I spent my last two teaching years in a private school just as I began to develop an interest in photography. I was able to carry my camera with me at all times and document the life of the school. I doubt it would be possible to do that today in a public school.

At any rate, my final year of teaching, I was appointed yearbook supervisor. I did all the candids for the yearbook and found that I liked photography better than teaching and began the transition to a full-time photography career.

I still miss being in the classroom with the kids, and sometimes wonder if I made the right decision. I'll be 70 in two weeks, so it doesn't look like I'll be going back!

Dave Jenkins

9:03 PM  
Blogger Mike Johnston said...

Thanks for the note Dave. I only taught for a little less than three years and would still like to go back to it. It's not really a practical option for me, though.

As for not going back because you're 70, one of my favorite old age stories came from a documentary about centenarians. They had an interview with a tiny little old lady. She was a schoolteacher too, retired when she was 65, and had a great time in retirement for 20 years or so, lots of socializing and playing bridge, but then she said her friends began to get sick and die. At 90 she moved into a small apartment and essentially kept to herself, expecting that she did not have long to live. She lived that way for 10 years. On her 100th birthday, she said she woke up, looked at herself in mirror, and said, "Well, looks like I'm not going to die. Better get a job."

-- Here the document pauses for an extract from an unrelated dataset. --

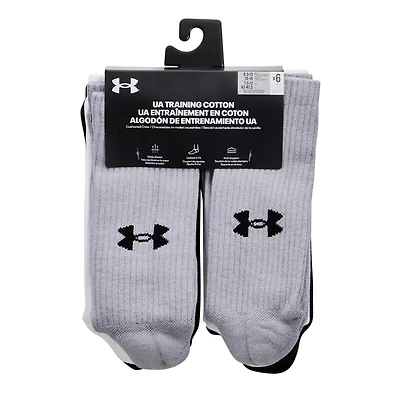 Men's Training Cotton 6pk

So she got a job as a docent in the local museum. By the time she was interviewed for the show, she had been a docent for nine years, which was long enough to make her the "senior docent!" (Made me laugh.) Her comment was, "I really don't know what's going to happen now. I suppose I have to die sometime." She was 109!

So you never know, you could have another 39 years, and may have to get another job before the next thirty years are up.

Good health to you!

--Mike

9:18 PM  
Blogger Dave Jenkins said...

Thanks for the kind words and the great story, Mike. My mother-in-law taught in the Miami-Dade County, FL school system until she was 80. She started out teaching sixth-graders, and as she got older, dropped to lower and lower grades until at the end she was teaching kindergarten!

My wife says I should go back to school for a MFA in photography and teach. Unfortunately, I'm of the opinion that photography is something that can be learned, but not taught.

Dave Jenkins

9:41 PM  
Blogger stanco said...

I'm neither conservative nor stereotype, but I was an "inner city" teacher of students officially classified as "Extremely Emotionally Disturbed & Socially Maladjusted" for 17 years in NYC and CA. I ended my education career when I decided to stand up to a certain full of himself supervisor in a new district where I didn't have tenure.

If you really want to know why the public education system is in such shambles- I could certainly point you in the right direction(s). But don't take my word for it- just google Johnathan Kozol, a decent, honest man who has dedicated his entire life to rectifying the situation, instead of capitalizing
on it.

That said, I too, often thought of documenting my work, but have done so only within the short story realm- privacy issues in the public ed system are, in fact, prohibitive...

11:13 PM  
Blogger stanco said...

I would love to know the studies that claimed "a relatively high percentage of teachers are millionaires by the time they retire."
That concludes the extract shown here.